▸ Provided material

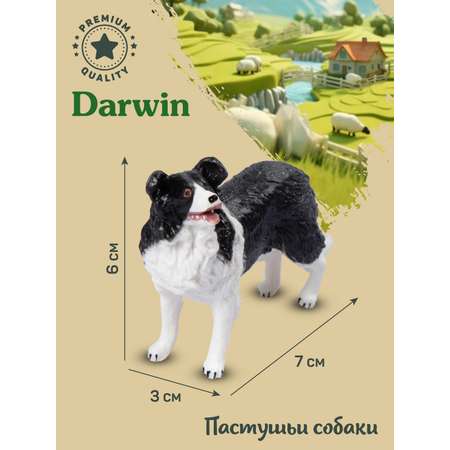 Фигурка DARWIN Собака Бордер-колли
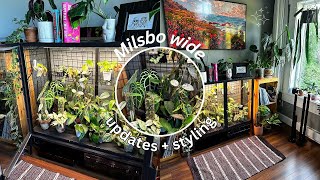 all of the plants in my ikea greenhouse cabinet + how I&#39;ve styled it (milsbo wide edition)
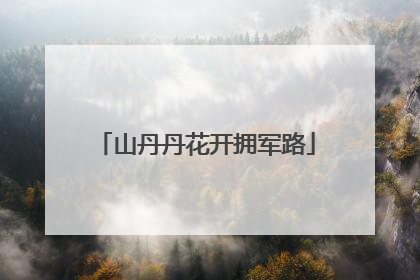 山丹丹花开拥军路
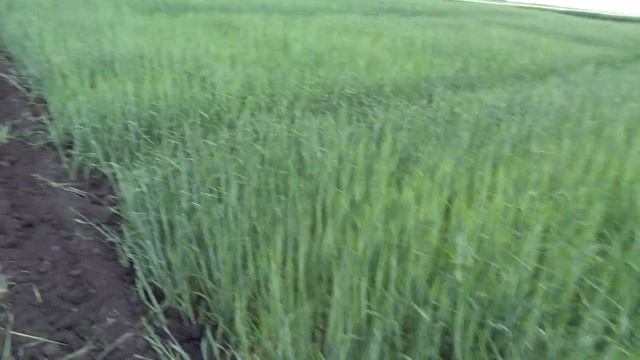 Ячмень яровой, сорт Маргрет, без удобрений (07.06.19) смотреть онлайн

▸ What you have to do
Only the lines from the line containing "all of the plants" through the end of the material should be retyped, exactly and in full, with no pictures.

▸ Exercise result
 all of the plants in my ikea greenhouse cabinet + how I&#39;ve styled it (milsbo wide edition)
 山丹丹花开拥军路
 Ячмень яровой, сорт Маргрет, без удобрений (07.06.19) смотреть онлайн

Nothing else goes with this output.